◆ **Dataset content**

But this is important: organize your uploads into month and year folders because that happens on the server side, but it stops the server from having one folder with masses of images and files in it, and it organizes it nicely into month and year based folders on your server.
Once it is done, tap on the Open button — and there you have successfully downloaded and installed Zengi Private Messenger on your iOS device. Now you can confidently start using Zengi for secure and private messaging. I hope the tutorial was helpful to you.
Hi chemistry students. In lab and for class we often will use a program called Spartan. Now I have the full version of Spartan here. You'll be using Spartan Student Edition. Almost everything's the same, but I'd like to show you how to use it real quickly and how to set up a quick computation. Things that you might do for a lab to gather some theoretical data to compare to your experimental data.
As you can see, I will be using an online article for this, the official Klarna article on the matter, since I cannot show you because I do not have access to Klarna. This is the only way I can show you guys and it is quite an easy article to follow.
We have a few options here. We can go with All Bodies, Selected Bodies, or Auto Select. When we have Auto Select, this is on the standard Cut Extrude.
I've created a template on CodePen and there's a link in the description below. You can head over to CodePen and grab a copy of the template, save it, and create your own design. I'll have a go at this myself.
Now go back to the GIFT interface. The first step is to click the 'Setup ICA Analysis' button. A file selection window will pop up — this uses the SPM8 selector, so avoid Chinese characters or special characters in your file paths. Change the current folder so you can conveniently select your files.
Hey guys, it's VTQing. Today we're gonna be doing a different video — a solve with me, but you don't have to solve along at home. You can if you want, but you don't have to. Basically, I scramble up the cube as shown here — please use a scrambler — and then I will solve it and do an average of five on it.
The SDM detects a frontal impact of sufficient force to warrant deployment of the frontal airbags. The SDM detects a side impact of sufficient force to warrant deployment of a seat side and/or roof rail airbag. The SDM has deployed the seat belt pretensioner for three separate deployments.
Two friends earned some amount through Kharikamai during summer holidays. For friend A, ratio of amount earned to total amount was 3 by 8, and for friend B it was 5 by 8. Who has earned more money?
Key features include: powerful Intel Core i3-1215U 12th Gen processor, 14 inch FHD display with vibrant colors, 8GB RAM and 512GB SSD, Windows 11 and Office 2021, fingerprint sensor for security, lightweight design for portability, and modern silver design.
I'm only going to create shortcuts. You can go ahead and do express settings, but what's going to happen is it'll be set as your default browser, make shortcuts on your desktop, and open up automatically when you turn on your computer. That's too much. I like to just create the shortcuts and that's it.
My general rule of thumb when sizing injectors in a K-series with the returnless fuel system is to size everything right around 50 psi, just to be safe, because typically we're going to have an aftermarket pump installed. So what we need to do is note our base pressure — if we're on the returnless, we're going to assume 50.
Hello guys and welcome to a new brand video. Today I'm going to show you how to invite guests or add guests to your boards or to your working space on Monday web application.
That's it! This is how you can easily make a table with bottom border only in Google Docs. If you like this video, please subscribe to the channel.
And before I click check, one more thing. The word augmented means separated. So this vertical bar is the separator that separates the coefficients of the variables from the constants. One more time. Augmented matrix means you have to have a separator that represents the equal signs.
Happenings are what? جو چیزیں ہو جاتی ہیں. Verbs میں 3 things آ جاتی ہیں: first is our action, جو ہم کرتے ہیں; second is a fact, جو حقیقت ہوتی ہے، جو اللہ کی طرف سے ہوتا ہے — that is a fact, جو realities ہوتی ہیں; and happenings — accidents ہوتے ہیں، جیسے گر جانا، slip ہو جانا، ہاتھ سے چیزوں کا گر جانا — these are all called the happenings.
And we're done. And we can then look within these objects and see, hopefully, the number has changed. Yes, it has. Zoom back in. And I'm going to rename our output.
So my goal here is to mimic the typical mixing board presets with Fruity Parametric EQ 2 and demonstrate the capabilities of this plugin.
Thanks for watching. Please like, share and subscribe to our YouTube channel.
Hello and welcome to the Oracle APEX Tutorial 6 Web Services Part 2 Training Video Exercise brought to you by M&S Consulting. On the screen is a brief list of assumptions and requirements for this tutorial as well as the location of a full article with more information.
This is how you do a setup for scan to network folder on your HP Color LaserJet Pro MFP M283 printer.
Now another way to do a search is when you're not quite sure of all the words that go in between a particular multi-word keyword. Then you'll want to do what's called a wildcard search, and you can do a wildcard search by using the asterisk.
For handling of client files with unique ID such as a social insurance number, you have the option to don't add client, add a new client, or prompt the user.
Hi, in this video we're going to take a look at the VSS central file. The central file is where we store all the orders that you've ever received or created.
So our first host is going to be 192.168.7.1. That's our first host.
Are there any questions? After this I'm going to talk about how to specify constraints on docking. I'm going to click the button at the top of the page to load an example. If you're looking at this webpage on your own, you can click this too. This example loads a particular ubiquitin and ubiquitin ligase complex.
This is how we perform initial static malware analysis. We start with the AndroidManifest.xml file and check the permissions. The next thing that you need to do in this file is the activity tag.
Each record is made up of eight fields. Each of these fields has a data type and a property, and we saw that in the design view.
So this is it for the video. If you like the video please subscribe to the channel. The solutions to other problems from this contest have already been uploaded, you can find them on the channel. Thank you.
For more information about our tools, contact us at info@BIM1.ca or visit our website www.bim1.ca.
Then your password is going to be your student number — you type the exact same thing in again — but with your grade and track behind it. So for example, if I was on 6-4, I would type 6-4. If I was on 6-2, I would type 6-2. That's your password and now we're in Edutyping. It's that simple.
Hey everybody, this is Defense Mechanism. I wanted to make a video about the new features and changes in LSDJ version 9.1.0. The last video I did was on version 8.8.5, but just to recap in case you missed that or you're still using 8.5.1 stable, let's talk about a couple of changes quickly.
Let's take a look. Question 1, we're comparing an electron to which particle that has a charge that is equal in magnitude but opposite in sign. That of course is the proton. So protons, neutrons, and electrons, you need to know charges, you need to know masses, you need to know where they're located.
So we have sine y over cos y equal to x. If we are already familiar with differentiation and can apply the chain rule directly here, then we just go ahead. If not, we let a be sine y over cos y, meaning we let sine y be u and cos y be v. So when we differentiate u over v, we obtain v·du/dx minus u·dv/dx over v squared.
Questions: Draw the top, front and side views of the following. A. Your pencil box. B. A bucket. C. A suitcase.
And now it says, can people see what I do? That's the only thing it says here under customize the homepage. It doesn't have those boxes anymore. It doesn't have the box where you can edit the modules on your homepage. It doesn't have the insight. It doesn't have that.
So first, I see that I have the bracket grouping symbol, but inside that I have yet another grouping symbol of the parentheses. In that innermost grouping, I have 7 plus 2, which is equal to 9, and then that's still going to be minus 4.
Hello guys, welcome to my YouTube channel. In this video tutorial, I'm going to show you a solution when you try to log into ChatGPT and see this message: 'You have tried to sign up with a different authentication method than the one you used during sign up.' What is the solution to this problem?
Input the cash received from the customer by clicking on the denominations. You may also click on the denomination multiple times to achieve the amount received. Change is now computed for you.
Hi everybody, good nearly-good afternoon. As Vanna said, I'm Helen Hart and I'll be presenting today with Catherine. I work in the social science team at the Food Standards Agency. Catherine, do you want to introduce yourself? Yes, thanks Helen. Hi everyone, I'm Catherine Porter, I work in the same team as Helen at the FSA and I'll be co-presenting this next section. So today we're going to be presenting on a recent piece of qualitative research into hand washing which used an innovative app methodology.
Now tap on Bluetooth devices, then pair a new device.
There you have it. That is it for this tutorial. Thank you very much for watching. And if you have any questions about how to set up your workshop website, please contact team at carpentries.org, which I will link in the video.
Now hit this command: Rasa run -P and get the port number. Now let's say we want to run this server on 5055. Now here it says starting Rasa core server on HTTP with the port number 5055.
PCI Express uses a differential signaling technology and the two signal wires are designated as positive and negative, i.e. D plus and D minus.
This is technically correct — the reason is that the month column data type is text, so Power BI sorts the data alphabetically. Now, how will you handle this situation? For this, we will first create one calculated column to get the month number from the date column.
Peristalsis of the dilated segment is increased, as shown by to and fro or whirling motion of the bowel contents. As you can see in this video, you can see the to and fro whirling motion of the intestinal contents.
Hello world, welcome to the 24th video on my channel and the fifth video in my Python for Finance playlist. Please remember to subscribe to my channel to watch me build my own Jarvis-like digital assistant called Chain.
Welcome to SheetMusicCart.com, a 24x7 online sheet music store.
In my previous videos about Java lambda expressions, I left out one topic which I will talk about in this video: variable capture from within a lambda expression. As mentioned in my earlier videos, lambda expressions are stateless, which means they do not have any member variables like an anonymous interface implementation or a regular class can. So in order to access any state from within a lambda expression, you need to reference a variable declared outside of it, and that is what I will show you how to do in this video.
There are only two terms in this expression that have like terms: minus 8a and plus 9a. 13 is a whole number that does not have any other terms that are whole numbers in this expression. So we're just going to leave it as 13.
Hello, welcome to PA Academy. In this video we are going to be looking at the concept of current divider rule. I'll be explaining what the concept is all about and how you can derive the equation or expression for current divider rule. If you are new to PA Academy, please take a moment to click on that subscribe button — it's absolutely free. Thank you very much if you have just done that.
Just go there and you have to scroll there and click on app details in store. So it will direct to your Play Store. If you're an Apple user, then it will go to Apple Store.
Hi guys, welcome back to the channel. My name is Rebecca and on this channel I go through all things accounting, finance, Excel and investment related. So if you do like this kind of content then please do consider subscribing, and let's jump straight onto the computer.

◆ **Your assignment**
Starting with the line that holds "In my previous" and ending with the line that holds "There are only", retype every line in the data above exactly, and nothing else.

◆ **Solution to the exercise**
In my previous videos about Java lambda expressions, I left out one topic which I will talk about in this video: variable capture from within a lambda expression. As mentioned in my earlier videos, lambda expressions are stateless, which means they do not have any member variables like an anonymous interface implementation or a regular class can. So in order to access any state from within a lambda expression, you need to reference a variable declared outside of it, and that is what I will show you how to do in this video.
There are only two terms in this expression that have like terms: minus 8a and plus 9a. 13 is a whole number that does not have any other terms that are whole numbers in this expression. So we're just going to leave it as 13.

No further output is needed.